Chris Nelder: I mean I guess it really kind of comes down to what are the mechanisms of doing that pricing and how does that flow through to contracts you know?

Sure. And I think that's the really interesting question which is... This debate is very complicated. It's one that's very technical and I mean the debate about net metering in particular and the solar value is sort of the vanguard of the distributed resource revolution for lack of a better word. And I think that debate is... I think it's troubled by kind of an interest and a focus on the solution rather than the goal, if that makes sense and I think that what happens is there's sort of this question of well you know it's just the industry and I think it's understandable you know that they understand net metering. They understand how it works. They can project it forward. They can talk to an investor about it. You know and I think that I very much understand why that's a hard thing to walk away from. And I think at the same time a lot of utilities will say oh if it costs our customers anything we need to cut it or we need to reduce it or end it or you know whatever their reaction is. And I think that the interesting places in the word that really you know rang true to me of what you said was negotiation. And I think that that's sort of where this discussion and this debate needs to go and I think that's the direction I've sort of been sensing it's starting to go. And I think I think what's happened in New York has really started to break the logjam of that conversation, of that sort of like intense solutions focus and sort of an intense desire to keep the solution as it was. I think it's a good development. I think looking at it as sort of a compensation mechanism and to say how do we set up compensation in an appropriate manner that reflects a wide variety of costs and avoided costs and how that can be replicable? Because I think what's useful is for there to be a I mean there's going to be diversity but having replicability is really really important and I think it's it's important for investment in general it's important for the investors of the utility. It's important for the investors of distributed resources.
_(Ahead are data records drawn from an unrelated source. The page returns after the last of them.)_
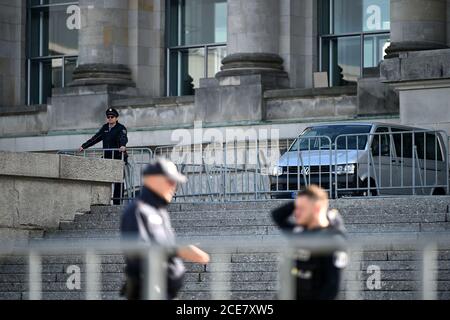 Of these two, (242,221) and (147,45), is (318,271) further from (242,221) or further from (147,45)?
(147,45)

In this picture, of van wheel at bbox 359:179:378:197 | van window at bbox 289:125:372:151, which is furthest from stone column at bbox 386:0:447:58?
van wheel at bbox 359:179:378:197

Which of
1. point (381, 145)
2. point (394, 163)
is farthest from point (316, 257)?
point (381, 145)

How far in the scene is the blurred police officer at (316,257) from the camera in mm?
12797

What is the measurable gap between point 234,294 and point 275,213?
6.40 metres

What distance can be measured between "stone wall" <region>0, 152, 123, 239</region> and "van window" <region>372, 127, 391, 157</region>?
4062mm

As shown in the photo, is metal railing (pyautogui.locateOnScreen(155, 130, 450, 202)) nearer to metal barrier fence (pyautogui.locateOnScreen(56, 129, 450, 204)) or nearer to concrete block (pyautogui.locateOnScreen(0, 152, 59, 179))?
metal barrier fence (pyautogui.locateOnScreen(56, 129, 450, 204))

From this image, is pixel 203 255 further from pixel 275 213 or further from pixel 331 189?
pixel 331 189

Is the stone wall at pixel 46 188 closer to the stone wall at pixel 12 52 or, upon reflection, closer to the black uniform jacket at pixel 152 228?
the black uniform jacket at pixel 152 228

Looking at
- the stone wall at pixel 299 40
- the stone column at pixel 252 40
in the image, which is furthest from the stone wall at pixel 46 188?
the stone wall at pixel 299 40

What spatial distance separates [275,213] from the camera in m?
14.6

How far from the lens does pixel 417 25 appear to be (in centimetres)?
3266

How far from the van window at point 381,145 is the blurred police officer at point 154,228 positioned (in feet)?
41.8

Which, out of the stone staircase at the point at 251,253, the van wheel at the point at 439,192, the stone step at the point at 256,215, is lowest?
the stone staircase at the point at 251,253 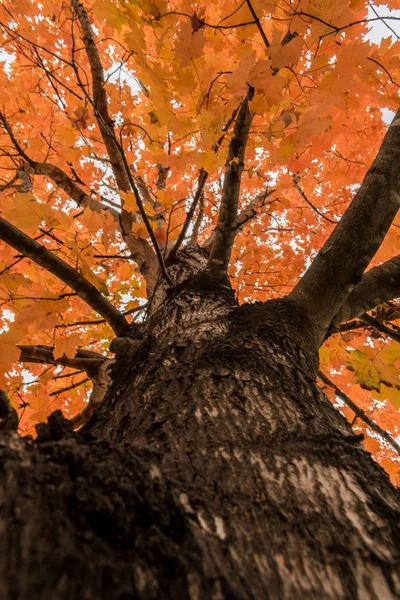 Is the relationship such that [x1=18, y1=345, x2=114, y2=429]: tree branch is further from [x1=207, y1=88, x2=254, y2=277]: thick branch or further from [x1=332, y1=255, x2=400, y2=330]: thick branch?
[x1=332, y1=255, x2=400, y2=330]: thick branch

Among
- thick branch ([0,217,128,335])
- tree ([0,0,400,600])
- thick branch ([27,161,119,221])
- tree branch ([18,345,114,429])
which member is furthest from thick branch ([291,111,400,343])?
thick branch ([27,161,119,221])

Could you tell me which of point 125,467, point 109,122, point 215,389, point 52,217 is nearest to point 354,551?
point 125,467

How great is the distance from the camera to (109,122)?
2.59 meters

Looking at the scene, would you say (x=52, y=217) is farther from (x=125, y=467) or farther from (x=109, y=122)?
(x=109, y=122)

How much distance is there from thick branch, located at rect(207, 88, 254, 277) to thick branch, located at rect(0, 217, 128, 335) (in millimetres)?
605

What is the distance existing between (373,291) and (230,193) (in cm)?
88

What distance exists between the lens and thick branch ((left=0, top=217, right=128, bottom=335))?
1.49 meters

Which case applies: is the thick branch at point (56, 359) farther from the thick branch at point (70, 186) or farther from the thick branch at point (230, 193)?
the thick branch at point (70, 186)

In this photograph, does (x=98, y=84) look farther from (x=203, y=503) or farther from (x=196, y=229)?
(x=203, y=503)

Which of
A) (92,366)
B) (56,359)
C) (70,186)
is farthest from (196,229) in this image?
(56,359)

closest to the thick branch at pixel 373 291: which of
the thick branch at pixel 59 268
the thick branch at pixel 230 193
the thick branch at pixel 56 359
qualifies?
the thick branch at pixel 230 193

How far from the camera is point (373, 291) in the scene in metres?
1.67

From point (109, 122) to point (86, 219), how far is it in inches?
48.1

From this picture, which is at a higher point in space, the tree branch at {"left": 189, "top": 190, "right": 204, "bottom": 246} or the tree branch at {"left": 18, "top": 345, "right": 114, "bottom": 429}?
the tree branch at {"left": 189, "top": 190, "right": 204, "bottom": 246} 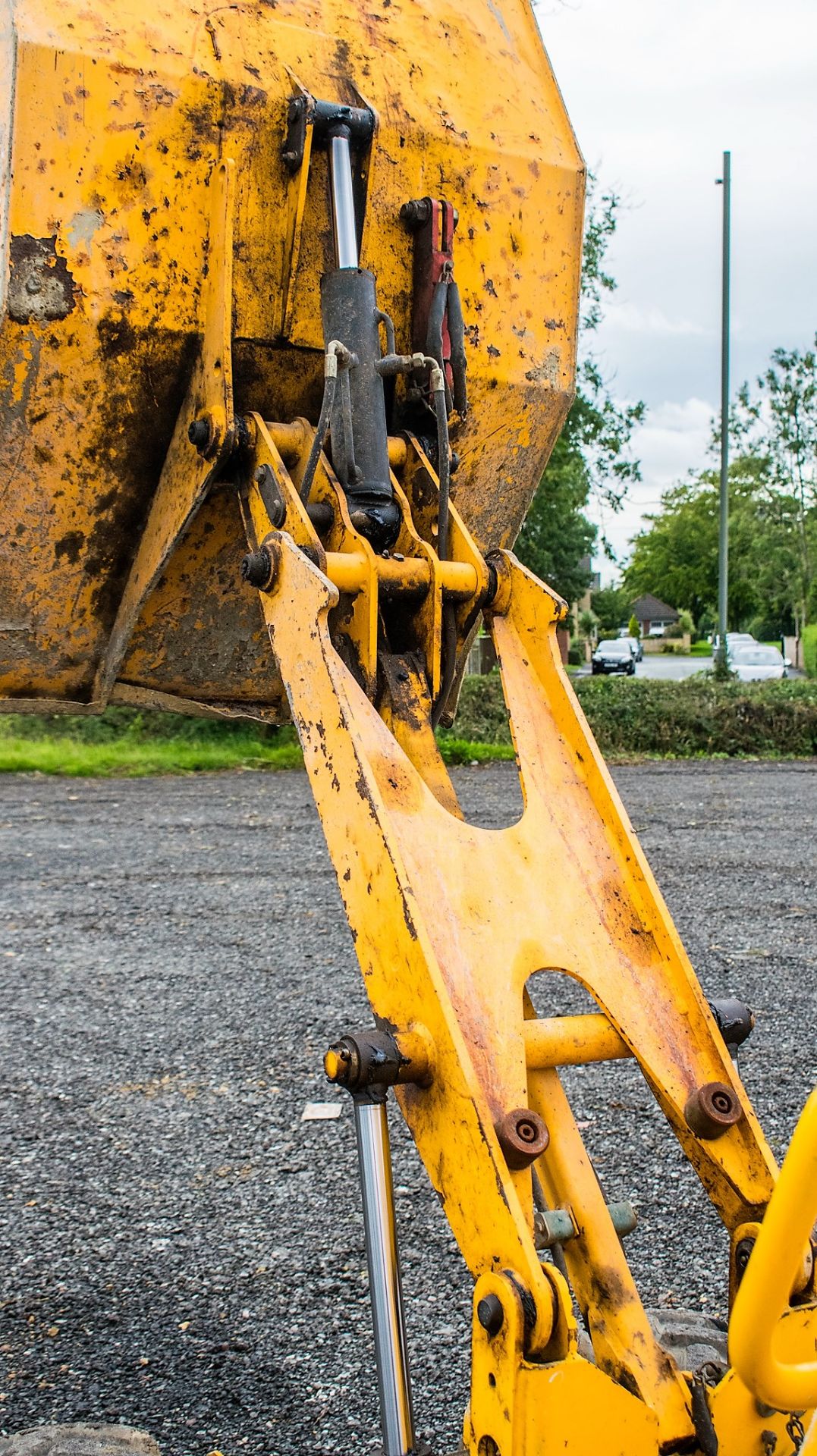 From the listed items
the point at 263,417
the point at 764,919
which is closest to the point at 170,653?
the point at 263,417

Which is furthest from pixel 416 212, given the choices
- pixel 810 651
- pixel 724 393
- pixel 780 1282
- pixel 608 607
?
pixel 608 607

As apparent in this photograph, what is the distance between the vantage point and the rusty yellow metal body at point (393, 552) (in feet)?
5.02

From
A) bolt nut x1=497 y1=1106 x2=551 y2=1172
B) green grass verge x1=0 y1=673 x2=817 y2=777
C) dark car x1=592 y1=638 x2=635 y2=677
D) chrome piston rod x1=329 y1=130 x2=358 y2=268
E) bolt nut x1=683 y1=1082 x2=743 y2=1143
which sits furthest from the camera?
dark car x1=592 y1=638 x2=635 y2=677

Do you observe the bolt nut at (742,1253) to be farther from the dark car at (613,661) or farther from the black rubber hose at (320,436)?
the dark car at (613,661)

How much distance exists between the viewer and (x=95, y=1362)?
2379 millimetres

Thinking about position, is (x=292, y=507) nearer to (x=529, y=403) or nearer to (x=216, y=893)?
(x=529, y=403)

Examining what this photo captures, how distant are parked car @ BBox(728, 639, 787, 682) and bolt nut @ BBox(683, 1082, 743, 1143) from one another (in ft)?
69.4

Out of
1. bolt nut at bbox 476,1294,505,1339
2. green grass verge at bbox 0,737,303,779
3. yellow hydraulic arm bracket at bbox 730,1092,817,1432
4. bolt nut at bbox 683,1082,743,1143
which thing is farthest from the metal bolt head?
green grass verge at bbox 0,737,303,779

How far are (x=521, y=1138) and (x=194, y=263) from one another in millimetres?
1634

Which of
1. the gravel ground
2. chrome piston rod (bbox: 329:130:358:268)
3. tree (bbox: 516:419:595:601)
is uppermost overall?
tree (bbox: 516:419:595:601)

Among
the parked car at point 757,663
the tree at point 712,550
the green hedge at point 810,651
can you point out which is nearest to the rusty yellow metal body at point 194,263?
the parked car at point 757,663

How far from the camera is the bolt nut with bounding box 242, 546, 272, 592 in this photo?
6.53 feet

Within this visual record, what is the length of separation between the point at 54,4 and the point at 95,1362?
2.46m

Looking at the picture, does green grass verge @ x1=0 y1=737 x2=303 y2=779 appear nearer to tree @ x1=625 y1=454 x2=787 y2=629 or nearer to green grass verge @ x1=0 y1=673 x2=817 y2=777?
green grass verge @ x1=0 y1=673 x2=817 y2=777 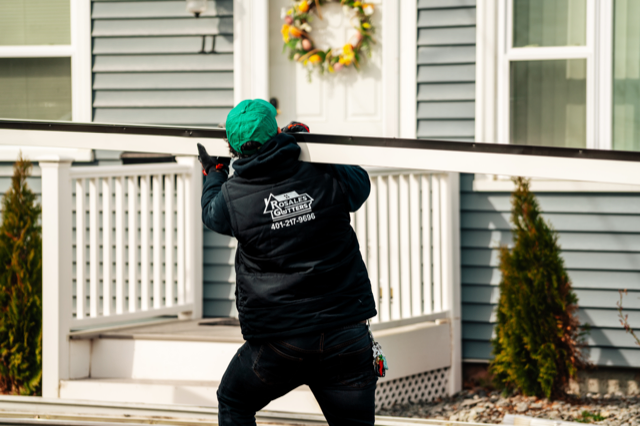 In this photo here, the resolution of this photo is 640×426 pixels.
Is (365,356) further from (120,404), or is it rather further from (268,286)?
(120,404)

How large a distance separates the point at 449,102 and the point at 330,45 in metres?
0.97

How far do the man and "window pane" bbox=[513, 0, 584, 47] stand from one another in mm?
3060

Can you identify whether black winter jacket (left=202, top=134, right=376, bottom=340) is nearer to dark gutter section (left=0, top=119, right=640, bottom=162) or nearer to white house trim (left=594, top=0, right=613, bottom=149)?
dark gutter section (left=0, top=119, right=640, bottom=162)

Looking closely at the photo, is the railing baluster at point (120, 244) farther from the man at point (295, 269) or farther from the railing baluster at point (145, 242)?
the man at point (295, 269)

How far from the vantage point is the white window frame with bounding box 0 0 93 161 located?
16.8 ft

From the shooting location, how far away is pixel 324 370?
2.07 m

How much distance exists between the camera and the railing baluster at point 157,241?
4.50 m

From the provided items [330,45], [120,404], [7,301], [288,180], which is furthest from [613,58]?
[7,301]

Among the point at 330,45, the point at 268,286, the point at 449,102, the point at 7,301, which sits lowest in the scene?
the point at 7,301

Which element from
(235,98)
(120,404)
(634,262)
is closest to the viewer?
(120,404)

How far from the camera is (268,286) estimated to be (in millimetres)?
2086

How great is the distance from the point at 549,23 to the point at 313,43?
64.2 inches

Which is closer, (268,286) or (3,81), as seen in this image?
(268,286)

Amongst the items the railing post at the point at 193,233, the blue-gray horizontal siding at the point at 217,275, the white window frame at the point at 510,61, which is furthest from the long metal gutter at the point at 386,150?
the white window frame at the point at 510,61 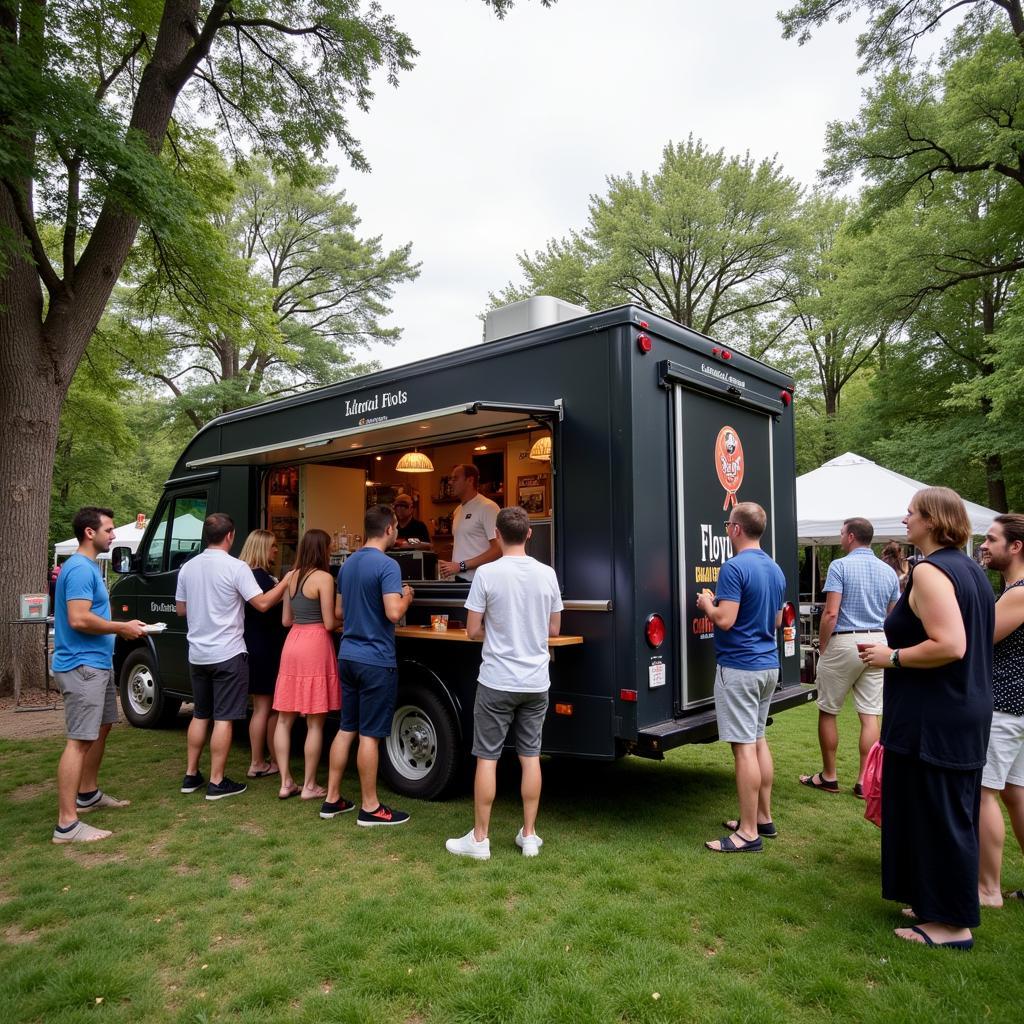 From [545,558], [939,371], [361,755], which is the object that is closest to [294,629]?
[361,755]

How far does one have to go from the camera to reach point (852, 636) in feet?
16.4

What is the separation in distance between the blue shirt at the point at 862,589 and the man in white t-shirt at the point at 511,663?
7.70 feet

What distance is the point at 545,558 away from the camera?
15.4 ft

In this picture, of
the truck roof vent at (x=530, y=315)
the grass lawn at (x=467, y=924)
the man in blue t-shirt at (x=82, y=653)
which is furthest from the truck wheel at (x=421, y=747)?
the truck roof vent at (x=530, y=315)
Chris Nelder: Yeah I would agree. You know I've thought that REV was just a super interesting thing for the very reason you mentioned, that it kind of broke the logjam and opened up the possibility that if New York could actually crack that nut and figure out a new way of doing things and how to restructure their markets that it would be replicable. It's something that the rest of the states could follow and all of a sudden we'd be in a whole new ballgame.

Jim Kennerly: Yeah it's not quite that easy.

Chris Nelder: And it has a long way to go and you know I don't want to speak too much to it because some of my colleagues at RMI have been integrally involved with that project and I've had absolutely nothing to do with it so I shouldn't say anything about it probably but... It's a process that I was following for a long time before I came to work at RMI and I just think it's super interesting as a model that other states could follow. And even if REV should turn out to be just a colossal failure it would be a success in the sense that it really just got down in there with those difficult problems and grappled with them and started to explore different ways of solving those problems. And it opened up a dialogue in that debate and it got guys like us looking at it and thinking about it and considering different ways of doing things which in itself would be a massive advance really.

Jim Kennerly: Sure. And I think one thing that people may not... Some people I should say, may not necessarily like about the American system of government is how much federalism and how much sort of devolution of power exists. And I think that's something that is really central to the work that you know the policy work and the policy analysis that I do because states are so different and they treat these issues so differently.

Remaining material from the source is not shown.